> _Work required_
Only one span of the listing below should come back. It runs from the line with "The next thing" through the line with "There are many", and each of its lines must be reproduced exactly.

> _Available data_
* * * * *

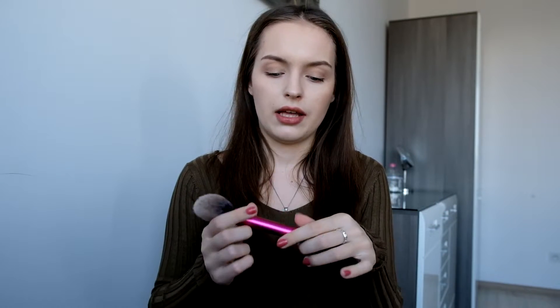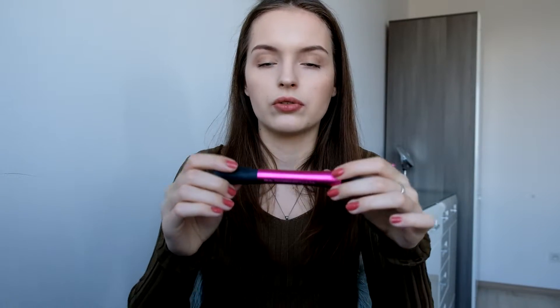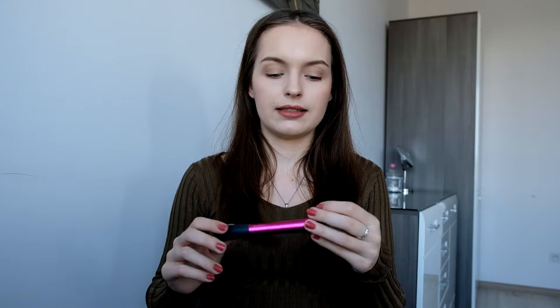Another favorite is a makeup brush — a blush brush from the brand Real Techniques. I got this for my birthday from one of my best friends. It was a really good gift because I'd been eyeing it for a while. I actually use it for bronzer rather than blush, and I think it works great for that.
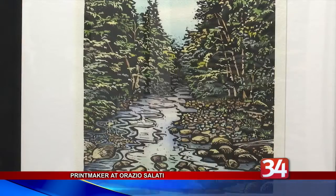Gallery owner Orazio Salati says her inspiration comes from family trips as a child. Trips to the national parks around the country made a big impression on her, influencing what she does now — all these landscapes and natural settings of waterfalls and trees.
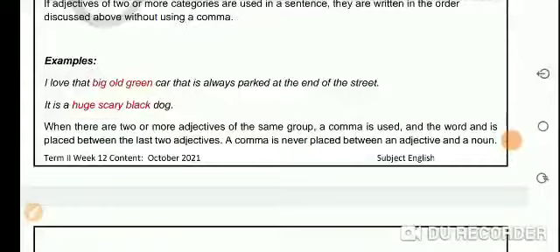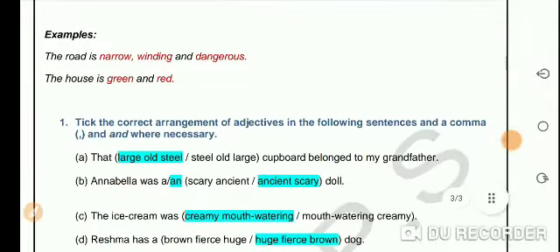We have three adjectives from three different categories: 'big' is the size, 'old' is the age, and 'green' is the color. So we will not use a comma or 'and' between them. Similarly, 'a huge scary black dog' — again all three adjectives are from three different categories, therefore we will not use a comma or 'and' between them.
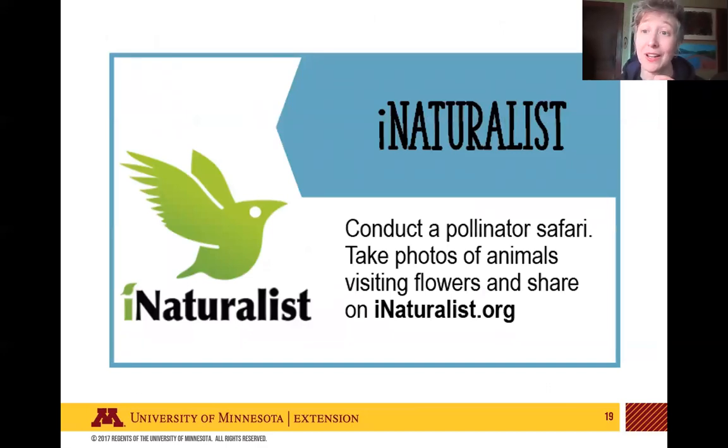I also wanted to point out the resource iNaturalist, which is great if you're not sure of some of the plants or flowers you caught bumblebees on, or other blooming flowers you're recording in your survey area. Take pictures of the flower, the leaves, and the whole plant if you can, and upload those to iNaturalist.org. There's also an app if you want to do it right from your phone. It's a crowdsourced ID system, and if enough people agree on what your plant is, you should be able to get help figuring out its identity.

* * * * *

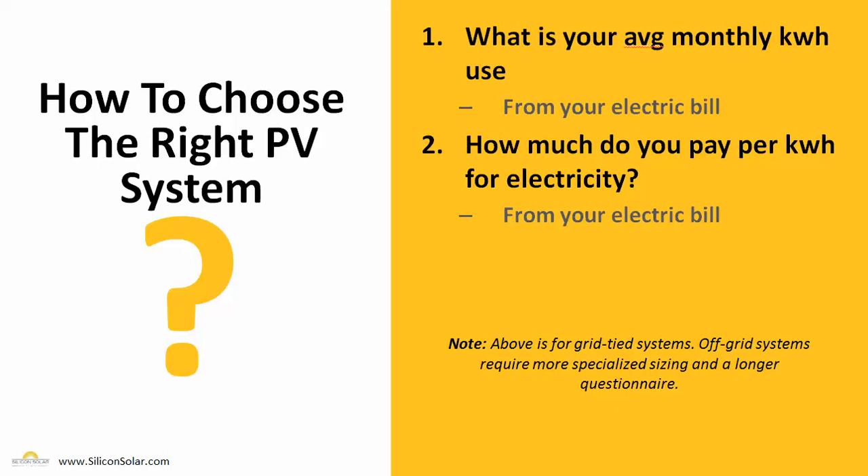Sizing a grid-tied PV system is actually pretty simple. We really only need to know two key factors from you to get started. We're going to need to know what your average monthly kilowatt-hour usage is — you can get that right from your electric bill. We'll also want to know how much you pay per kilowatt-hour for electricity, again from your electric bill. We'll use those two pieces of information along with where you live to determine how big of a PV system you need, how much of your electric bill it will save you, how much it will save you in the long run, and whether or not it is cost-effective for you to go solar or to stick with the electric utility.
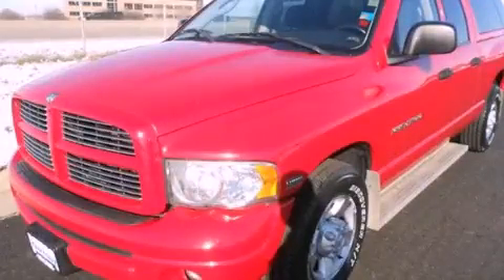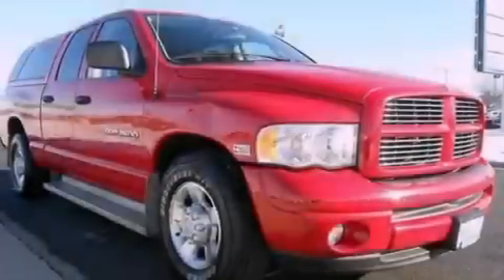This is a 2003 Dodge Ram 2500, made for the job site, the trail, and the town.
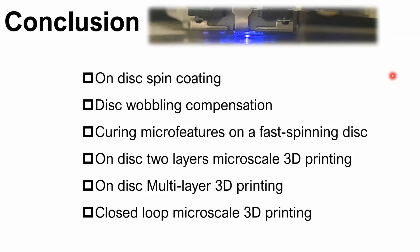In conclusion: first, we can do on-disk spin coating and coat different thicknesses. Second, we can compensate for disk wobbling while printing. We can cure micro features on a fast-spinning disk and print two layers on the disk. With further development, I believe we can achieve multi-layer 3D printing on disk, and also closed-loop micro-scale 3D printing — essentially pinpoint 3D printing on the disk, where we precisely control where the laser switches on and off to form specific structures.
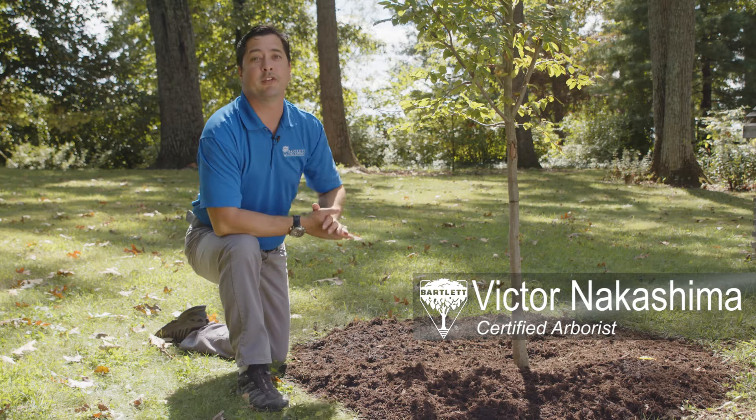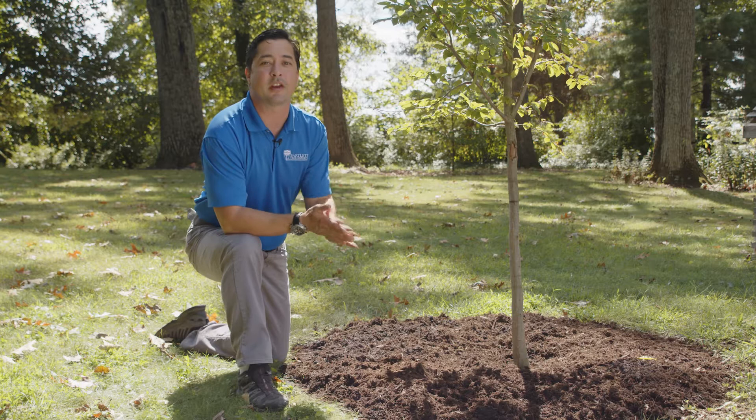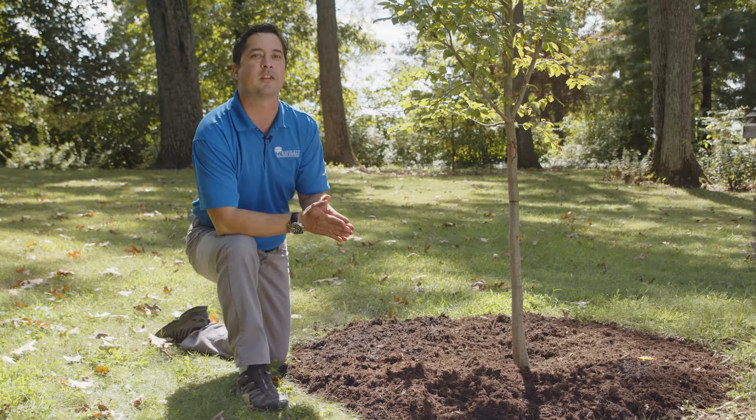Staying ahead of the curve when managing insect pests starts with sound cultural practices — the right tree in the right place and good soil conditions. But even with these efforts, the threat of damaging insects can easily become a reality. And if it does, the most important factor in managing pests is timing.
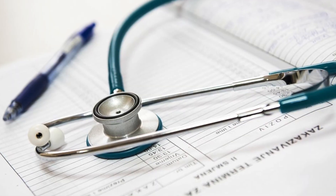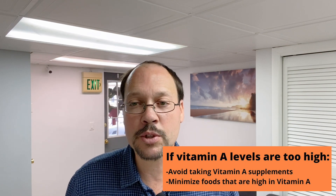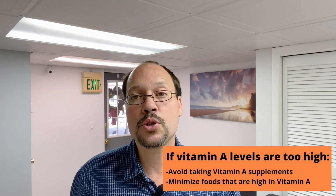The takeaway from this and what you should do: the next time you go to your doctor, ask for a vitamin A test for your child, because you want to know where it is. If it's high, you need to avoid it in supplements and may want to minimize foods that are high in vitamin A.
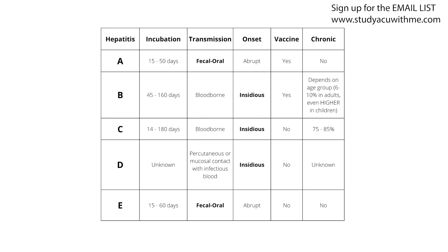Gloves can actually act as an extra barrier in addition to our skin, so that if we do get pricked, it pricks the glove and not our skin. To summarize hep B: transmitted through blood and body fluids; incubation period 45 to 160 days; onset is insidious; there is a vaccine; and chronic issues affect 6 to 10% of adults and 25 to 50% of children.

* * * * *

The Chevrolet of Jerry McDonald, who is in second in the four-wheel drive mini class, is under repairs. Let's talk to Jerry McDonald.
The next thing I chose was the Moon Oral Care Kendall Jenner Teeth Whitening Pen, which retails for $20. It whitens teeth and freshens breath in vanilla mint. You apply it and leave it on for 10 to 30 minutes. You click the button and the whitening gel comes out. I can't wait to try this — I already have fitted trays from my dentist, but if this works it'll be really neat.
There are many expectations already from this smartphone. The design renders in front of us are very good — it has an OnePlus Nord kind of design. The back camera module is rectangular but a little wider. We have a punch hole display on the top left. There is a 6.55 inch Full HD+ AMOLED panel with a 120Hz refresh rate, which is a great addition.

* * * * *

> _Solved problem_
The next thing I chose was the Moon Oral Care Kendall Jenner Teeth Whitening Pen, which retails for $20. It whitens teeth and freshens breath in vanilla mint. You apply it and leave it on for 10 to 30 minutes. You click the button and the whitening gel comes out. I can't wait to try this — I already have fitted trays from my dentist, but if this works it'll be really neat.
There are many expectations already from this smartphone. The design renders in front of us are very good — it has an OnePlus Nord kind of design. The back camera module is rectangular but a little wider. We have a punch hole display on the top left. There is a 6.55 inch Full HD+ AMOLED panel with a 120Hz refresh rate, which is a great addition.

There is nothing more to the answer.